To maximally exploit the opportunities of this technology, a hybrid printing solution using copper (Cu) inks is proposed that addresses both circuit density optimization and the integration of solderable, surface mount components. The hybrid approach leverages the respective strengths of two industrially pervasive printing processes, namely inkjet and screen-printing, on the same device. The inkjet technique enables fine lines and spacing of conductive traces with minimal ink consumption. Further, the technique does not rely on design-specific hard tooling, such as masks, thus allowing immediate correction or fine-tuning of device designs. On the other hand, the strength of screen-printing lies in its capability to cost-effectively print the thicker deposits necessary for reliable component connections.
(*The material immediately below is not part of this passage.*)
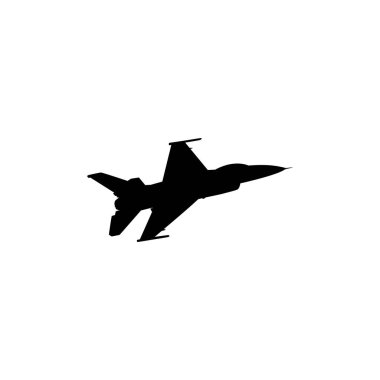 Jet Fighter 'ın silueti, savaş uçakları öncelikle havadan havaya muharebe için tasarlanmış askeri uçaklardır. Vektör İllüstrasyonu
The use of a Cu ink renders these deposits compatible with the industry standard SAC305 solder used in high volume PCB surface mount assembly.
This presentation will first review the key process steps of the hybrid copper printing method as developed at the MiQro Innovation Collaboration Center (C2MI) in collaboration with École de Technologie Supérieure (ETS). Using an AWT High-Tech Micro clamshell flatbed screen printer and a Ceradrop F-Serie Inkjet printer, the resultant traces were simultaneously sintered using a photonic curing technology on a Novacentrix PulseForge Invent system. This curing method yielded prints with a resistivity of 3,5*10-7Ωm with the screen printed CP-009 Novacentrix ink and 2,4*10-7Ωm with the inkjet printed Dycotec DM-CUI-5002 ink while maintaining a 5B adhesion rating (ASTM D3359-17 method).
Surface mount assembly results are then presented. A no clean SAC 305 solder paste was applied to the Cu prints using an industrial scale ASM component attach assembly line (ASM DEC paste screener, ASM TX series component placement machine and Heller 1913 MK5 14 zones reflow oven) at C2MI. Solder join integrity and solder-copper interactions are discussed in the context of industry standard application requirements.